Published on:

From the Greenhouse to Your Plate

Text by Debbie Kunder / Images by Steve Keith

Have you ever come across someone so passionate about an obscure hobby or job and wondered, why that? How does someone get so deeply involved in calligraphy or quilling, vintage record player restoration, tattooing cars, or fermenting kombucha? And then there are those pretty little greens that chefs use to adorn their dishes in fine restaurants. Microgreens. How might someone become passionate about something as specialized and random as growing microgreens? Lorraine Cooyman could tell you.

Lorraine moved to Aruba from Holland in 2015 to work at the Dutch Marine base here. Her specialty is seamanship—she is no stranger to heavy, grueling work—but at the base in Aruba, she tends bar. Lorraine has always enjoyed growing things, and about two years ago, she started getting more interested in the eco-friendly movement. So in her spare time, when not slinging drinks at the base, she began experimenting with aquaponics. She successfully built her own aquaponics system at her cunucu-style home in Santa Cruz and had hopes of building systems for island restaurants as a side job. Although that plan never came to fruition, it serendipitously led to something greater. While researching online about aquaponics one day, she clicked on something about microgreens. Intrigued, she delved deeper into the subject, discovering a whole new world. The good old Internet—that’s how Lorraine got into growing microgreens!

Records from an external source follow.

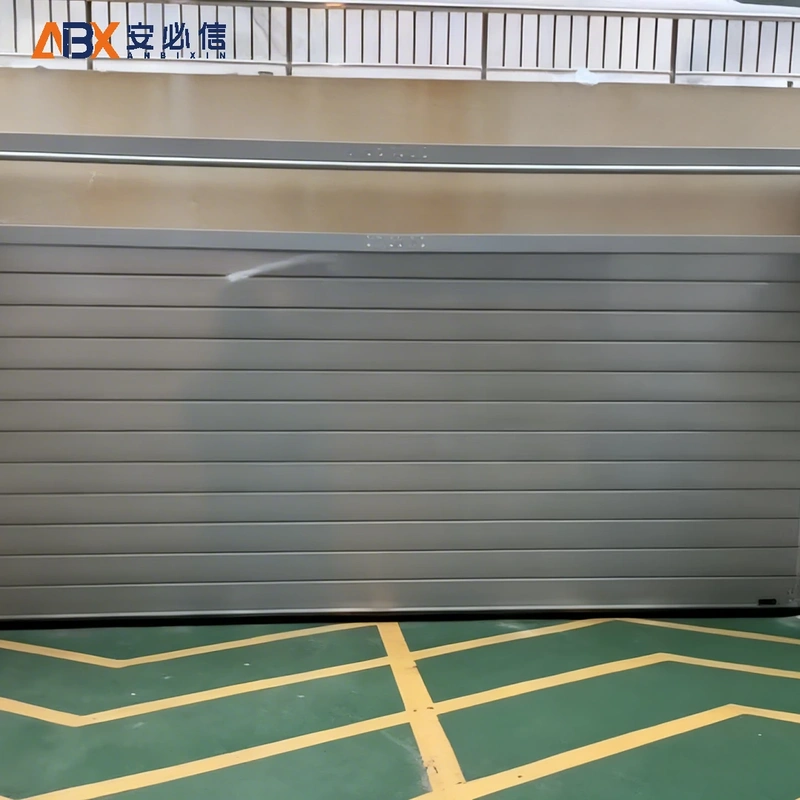 龙岩市感应高速门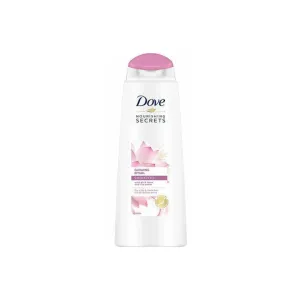 Dove Glowing Ritual Shampoo 400ml (Imported) – For Radiant and Healthy Hair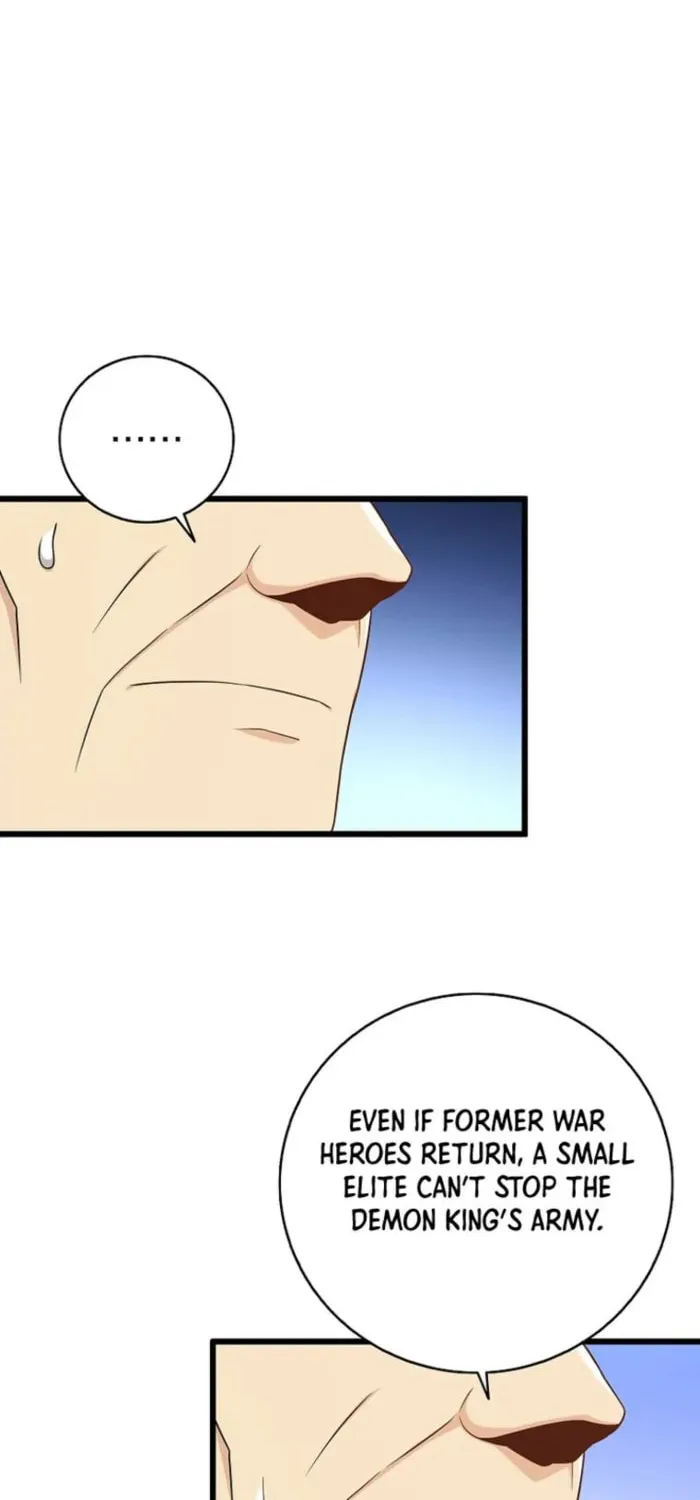 Mystic Musketeer Chapter 212 page 22 - 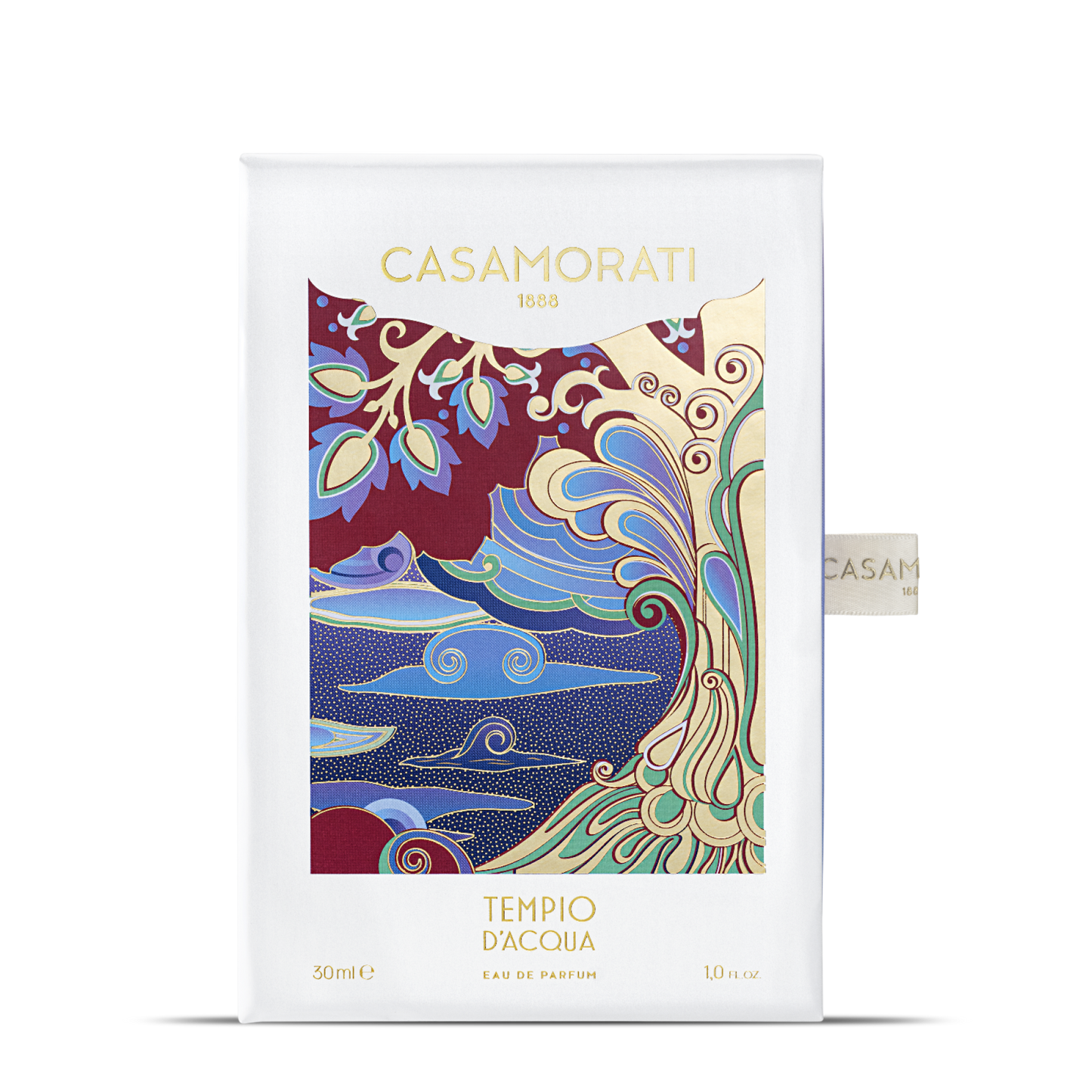 TEMPIO D'ACQUA EDP 30 ml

Aruba farming Petite Greens

Lorraine has learned everything she knows about growing microgreens through self-study and experimentation—like how to achieve the perfect size, halfway between a sprout and a baby leaf, and how to grow the microgreens to get just the right shape. “In this way, they’re like little pieces of art,” Lorraine explains. “I love sowing the seeds and waiting for them to grow. It’s like waiting for little presents to open.”

Aruba farming
Aruba farming

Always one to challenge herself, Lorraine grows 25 different types of microgreens, many of them the hardest to grow. They include borage, basil, pea tendril, arugula, red shiso, green shiso, red amaranth, basil, cilantro, dill, and fennel, among others. Microgreens are very healthy (healthier than full-size vegetables), but Lorraine is mostly interested in how they look and taste, because this is what matters most to her clients. About a year ago, Lorraine started selling her microgreens to Aruba’s restaurants under the name Petite Greens Aruba. Her microgreens adorn the plates coming out of the kitchens at Screaming Eagle, White Modern Cuisine, The Kitchen Table by White, Papillon, and other island restaurants, and have earned the respect of some of Aruba’s top chefs.

Petite Greens Aruba

Lorraine has a great business model. Drawing on her French culinary education (earned pre-military), she studies a potential client’s menu and decides which microgreens would best complement specific dishes. Then she grows custom samples, which she takes to the client to woo them with. And what if Lorraine doesn’t normally grow a particular type of microgreen desired by a chef? She’ll research it, order the seeds, and grow it.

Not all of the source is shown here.